▸ Task item
Return all of the data verbatim, dropping any picture.

-- Data follows --

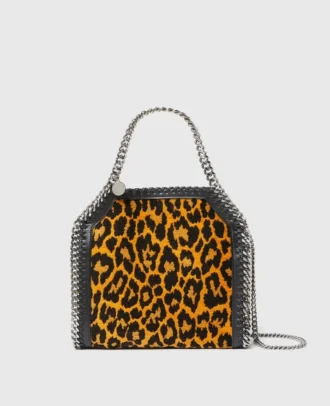 Mini sac à main Falabella Leopard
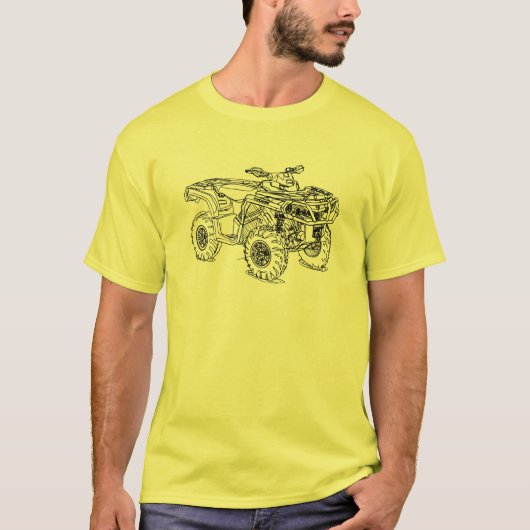 CanAm Outlander XTP 2013 T-shirt (Voorkant)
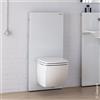 Geberit Monolith modulo sanitario A: 114,5 cm, per WC a parete, 131031SI5, Monolith bianco/alluminio spazzolato [Elementi ad Incasso > Elementi Incasso per WC]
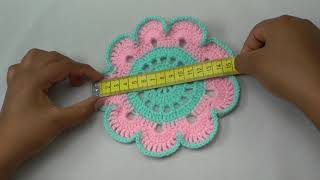 Tutorial de POSAVASOS A CROCHET paso a paso facilitó de tejer [upl. by Saxe]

-- Data concluded --

▸ Finished task
 Mini sac à main Falabella Leopard
 CanAm Outlander XTP 2013 T-shirt (Voorkant)
 Geberit Monolith modulo sanitario A: 114,5 cm, per WC a parete, 131031SI5, Monolith bianco/alluminio spazzolato [Elementi ad Incasso > Elementi Incasso per WC]
 Tutorial de POSAVASOS A CROCHET paso a paso facilitó de tejer [upl. by Saxe]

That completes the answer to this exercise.